November 16th, 2007 at 2:47 pm
Different channels / different uses. There are a million reasons to communicate, and there will be an increasing number of ways to do so. Reasons and channels will match-up, shuffle from group to group, but Charlie’s right: most jobs and partnerships will continue to be foraged through email and telephone over FB and Twitter.
November 17th, 2007 at 12:09 pm
No, it should probably be called Port Authority!
That’ll give it just the right image it needs.
November 21st, 2007 at 5:37 pm
“most alternative methods, like Facebook, MySpace, Twitter, require both the sender and the recipient to both be on the same social network”

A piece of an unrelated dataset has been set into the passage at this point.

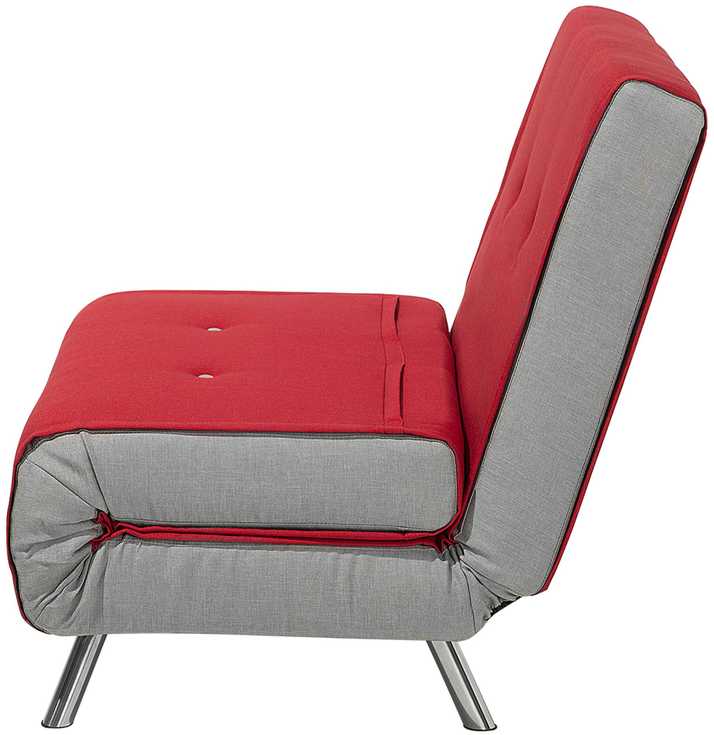 Beliani Viengulė išskleidžiama sofa FARRIS, raudona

Just to be devil’s advocate here, I remembered a professor in a computer science class telling me once (a while ago obviously) how email was wonderful for university use, but it would never replace sending a letter. Why? Because you always knew that a person had a postal address, but email was a “closed system” you needed a username & password for.
Anyone who think email can’t go away should keep a sense of history. Of course it can go away (or at least be rendered irrelevant for most use cases). If everyone has a IM account, or a Myspace account, or some interoperable standard yet to come about then it very well might.
Most teens these days don’t use email. By the time they become bosses, they may not want the people they hire to use email either.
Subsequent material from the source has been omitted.